Crédit: RosKomSvoboda

Extreme Internet censorship is becoming legal in Russia – even if many technical questions are left unanswered. A law coming into force on 1 November enables the authorities to disconnect Russia’s Internet users from the global network. Reporters Without Borders (RSF) condemns this law as a dangerous step towards comprehensive control and monitoring of digital communications.  

"This law is an attempt to take Internet censorship in Russia to a new level", said Christian Mihr, executive director of RSF Germany. "It proves that the Russian leadership is ready to bring the entire network infrastructure under political control in order to cut off the digital information flow whenever needed. Even if the new regulations may not be fully enforceable, they show how extensively Internet freedom is threatened in Russia."

President Vladimir Putin signed the "Law on the Sovereign Internet" on 1 May. Its official purpose is to ensure the smooth functioning of the Russian network independently of the global Internet in the event of a crisis or external attack. To this end, the law creates the conditions for the Russian authorities to isolate Russia from parts of the Internet. In the future, the authorities could potentially shut down access throughout Russia to certain Internet providers, for example, or to all international data traffic or even to data traffic within Russia.

One of the most important consequences of the law is that it centralizes the control and filtering of data traffic: In future, it will no longer be the Internet providers who will be responsible for this, but the intelligence services and media supervisory authorities. In this way, the government hopes to be able to block prohibited content and platforms more effectively than before.

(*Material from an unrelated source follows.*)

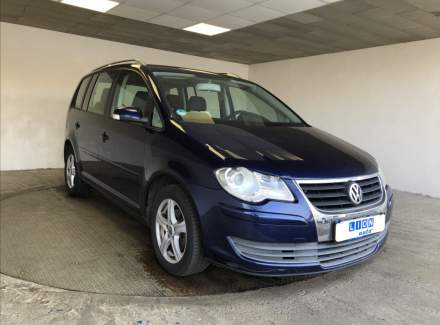 Volkswagen - Touran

Providers need to install devices that allow supervisory access

Specifically, the law requires Internet providers to route Russian data traffic only through nodes approved by the Roskomnadzor media authority that do not allow connections to unauthorized Internet providers. All Russian providers and other service providers must install technology that allows Roskomnadzor to block data traffic if necessary.

However, most Internet service providers do not yet have this technology. According to the news portal RBC, it will initially be tested in the Urals administrative region by the end of the year. Since late October, the "big four" telecommunications companies – Rostelecom, MTS, Megafon and Vimpelcom – as well as several smaller providers have been installing the required devices and testing them at intervals. The tests initially only concern fixed-network connections and exclude mobile Internet.

Roskomnadzor is to monitor data traffic for threats to Russia's Internet access and closely control cross-border data traffic. The law leaves many technical questions unanswered. It makes it clear, however, that the government can give instructions to Internet providers directly and without judicial control and that the public is not informed about what content is being blocked or for what reasons.

According to the text of the law, these measures are to be applied in the event of an undefined "security threat". It is entirely up to the government to decide what is considered a threat and how to respond to it.

In addition, the law provides for the creation of an independent Russian Domain Name System (DNS) – a sort of Internet  address book that determines the IP address to which a user is directed when entering an address. From January 2021 onwards, Internet providers will be obliged to use this national DNS. This would enable the state to manipulate requests from Russian Internet users at will, to let them run into a void, or direct them to fake websites.

Law violates human rights standards

With these very broad, vaguely defined powers for very far-reaching, non-transparent and unmonitored government interference, the law violates the standards on freedom of expression and protection of privacy that derive from Russia's European and international human rights obligations. It threatens freedom of expression and freedom of the media on the Internet as well as online anonymity, and creates new possibilities for monitoring the Internet.

It is unclear whether the plans can be implemented technically at all. Providers fear massive Internet traffic disruptions and the Court of Audit has criticized the project’s enormous costs. The Russian business association warned that Russia could not easily be separated from the most important foreign servers through which large parts of the business transactions of Russian corporations pass.

Russia is ranked 149th out of 180 countries in RSF's 2019 World Press Freedom Index.